In this experiment, the Association was supported by operational partners such as the Coopérative Tiers-Lieux. In addition, more than 20 local partners (community organisations, local authorities, companies, media) were involved, either by co-leading a project or by providing it with human and/or material resources. 

The Third Place experiment (2017-2019), which had its share of failures and successes, was rich in lessons for the pursuit of the local innovation strategy and the consolidation of a Third Place methodology. The Third Place has proved to be a useful tool for fighting social divides and meeting the needs of local areas. If it enables rural areas to be revitalised through cultural and economic activity, it is also effective in developing the skills of its users. 
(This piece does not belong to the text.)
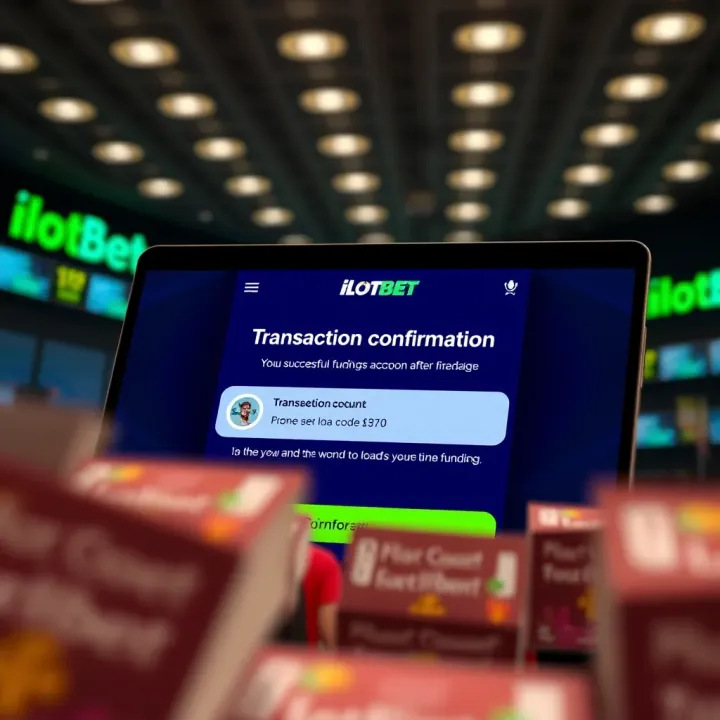 Confirmation screen displaying successful transaction notification after funding account on the Ilotbet platform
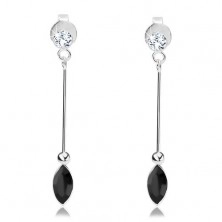 Dangling earrings, 925 silver, round and grain Swarovski crystal, thin stick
Nevertheless, the French Red Cross has realised that the temporality and consequent cost of real estate projects are a major obstacle to the development of Third Places. This is why the Association is now placing greater emphasis on the collective citizen and partnership approach and on the flexibility of its activities so as not to depend on real estate constraints and to produce a rapid and significant social impact.

Finally, as each project requires a great deal of time and resources, it would not be realistic or applicable to transform all French Red Cross structures into solidarity-based Third Places. However, changes in professional practices and modes of intervention can be spread throughout the Association’s network. It is essential today to share knowledge about past experience in order to inspire and train other employees and volunteers.  

The French Red Cross has capitalised on this experience by creating a methodological guide and training 26 “Third Place ambassadors”, i.e. volunteers and employees of the French Red Cross in charge of the local area transformation.